I'm sure the answer is very simple I just can seem to see it at the moment.
Amy help would be most welcome.

Thanks in advance

palmerj:
However if the int is to be a negative value I use, Result = Result ^ 0xffff;
the result is now hex FFFFFFxx, where xx is the Result value.

The result is now a 32 bit 2's compliment number and I need a 16 bit one. How do I remove the preceding F's?

That is not how to covert positive-negative numbers in 2's compliment.

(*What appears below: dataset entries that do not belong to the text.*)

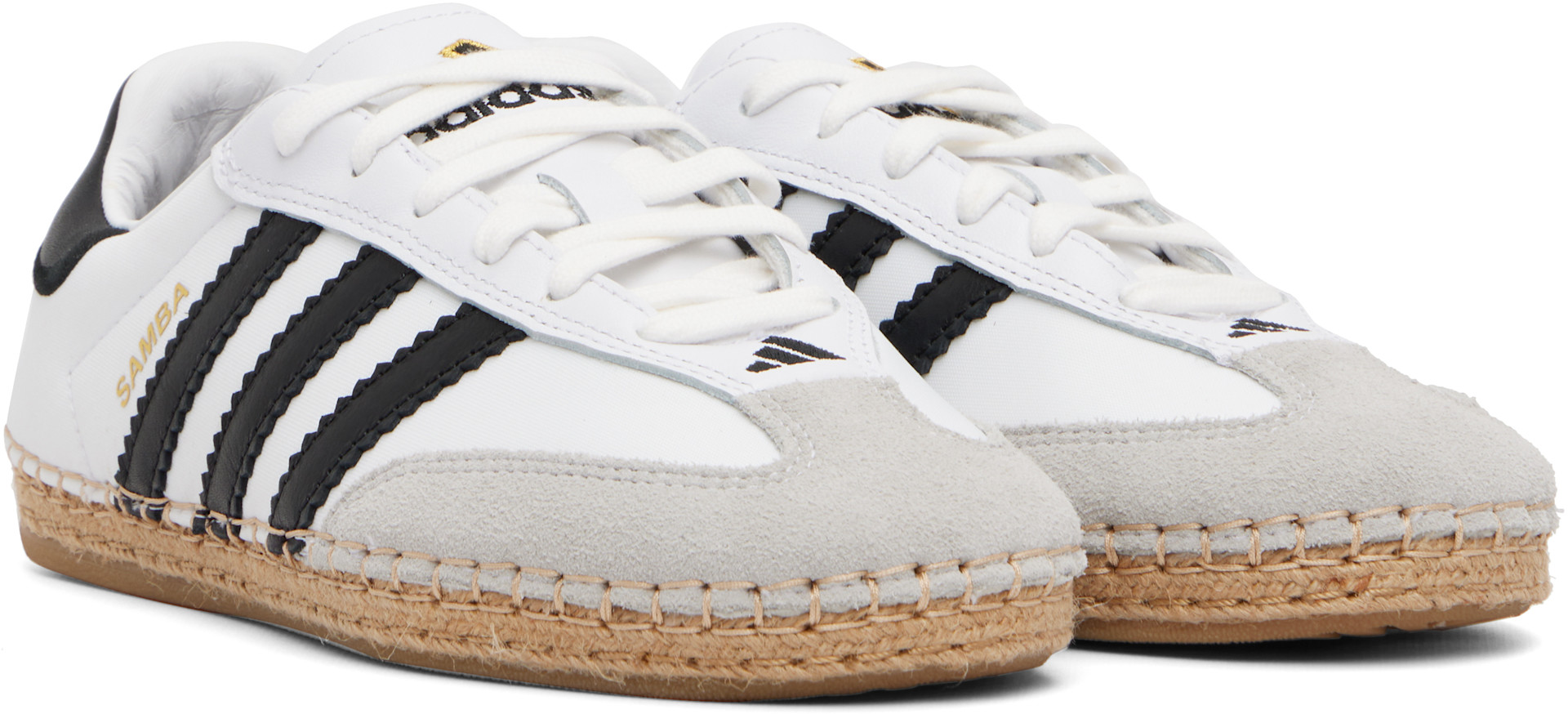 adidas Originals: White Edison Chen Edition CLOT Samba Sneakers | SSENSE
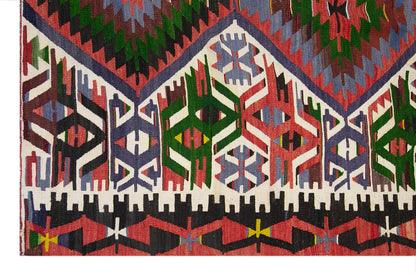 anatolian tribal kilim, 5x10 ft kilim, 164x316 cm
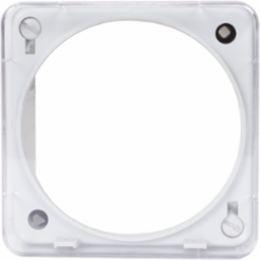 Flush Mount Housing Kit, White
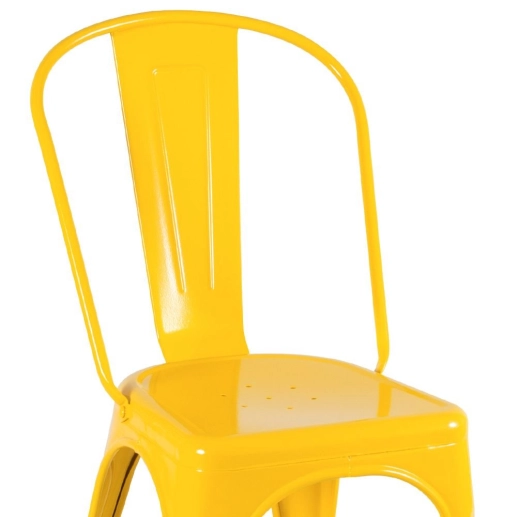 Cadeira de jantar Iron Tolix com design industrial – Amarelo Produto Cadeira de jantar Iron Tolix com design industrial – Amarelo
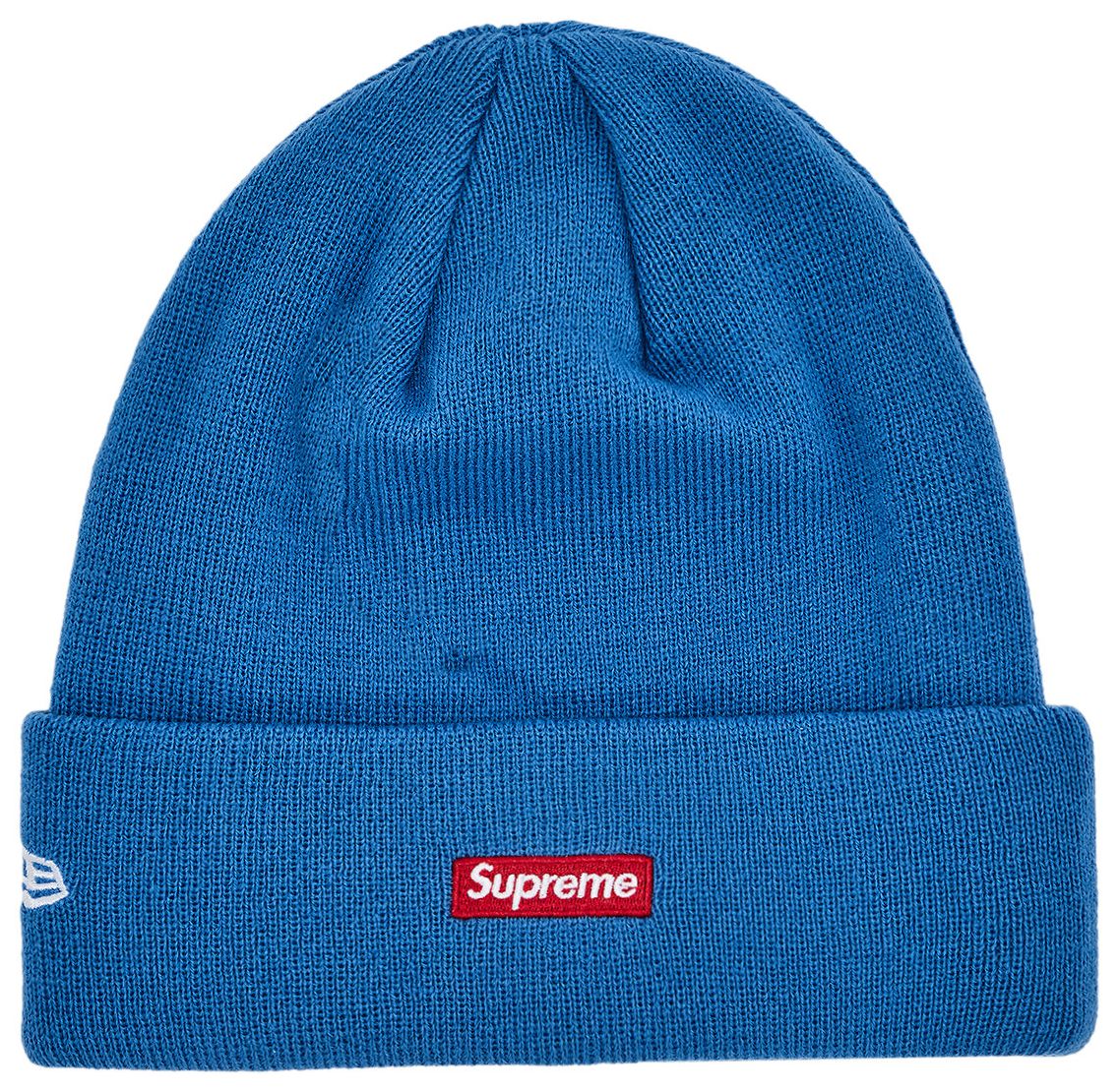 Supreme New Era S Logo Beanie (FW24) Blue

That's 1's compliment.

Do this:
Result = 0xFFFF & (~Result + 1);

Jiggy-Ninja
Thanks for the speedy reply my typo should have read Result = (Result ^ 0xffff) +1

I've just tried your rely and I get a positive number in hex.

Basically if my int result is 24 then I can convert it to 0x0018, but if the result is -24 the result I need is 0xFFE7.
or 0xFFFF - 0x0018 or 65535 - 24 = 65511 converted to 0xFFE7.

When I try this in my code I get 0xFFFFFFE7 which the third party software won't accept.

If you change the negative number to a positive number you can't distinguish the two at the receiving end.
The problem is that when printing an integer Serial.print seems to default to a 32 bit-integer so it sign-extends the negative numbers. You can use either this:

 Serial.println((uint16_t)result,HEX);

or this:

 Serial.println(result & 0xffff,HEX);

to force it to send four hex digits. E.g. -45 will be sent as FFD3 which is the correct HEX representation of the 16-bit twos complement number.

Pete

el_supremo
You've lived up to your name, that worked a treat.